The modulators used in the experiment were Mach-Zender-type interferometers* designed and fabricated in Leti labs and cleanrooms in partnership with STMicroelectronics. The components were designed for integration with a hybrid III–IV/silicon laser to form a complete integrated transmitter.
Silicon modulators have been a popular topic among researchers seeking ways to boost performance (50 Gb/s modulation, integrated electronics). However, the laser source is often external to the component, and there have been few cases in which a transmitter with both a laser and modulator integrated on the same silicon substrate has been used.
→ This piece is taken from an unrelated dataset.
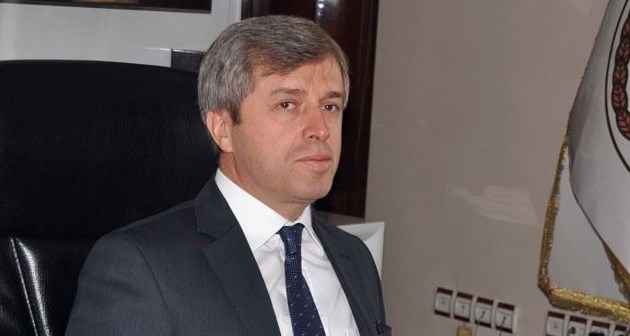 Bitlis Valisi Çınar Belediyede Başkan Vekili olarak göreve başladı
And the most recent such cases are limited to 12.5 Gb/s. Here, the goal is to align performance with the 100GBASE-LR4 standard for datacom applications with four wavelengths at 25 Gb/s and a minimum extinction rate of 4 dB.
OOK transmission at 25 Gb/s was demonstrated at 2.5 Vpp [see Figure] on each of the components’ arms, polarized at 1.25 V.
Figure: Shape of the electrical input signal at 25 Gb/s (NRZ format).
And the modulators could achieve even higher transmission rates if clock frequency is increased or if a more complex modulation format, like PAM4, is used. Finally, the design methods developed to create the component were validated and can now be reused to make new modulators with even higher bandwidth and lower optical losses.
*The Mach-Zehnder interferometer was created by Ludwig Mach, son of Ernst Mach, and Ludwig Zehnder. It consists of two mirrors and two half-silvered mirrors used to split and then recombine a collimated beam of light. The shape of the interference between the two beams provides very accurate measurements.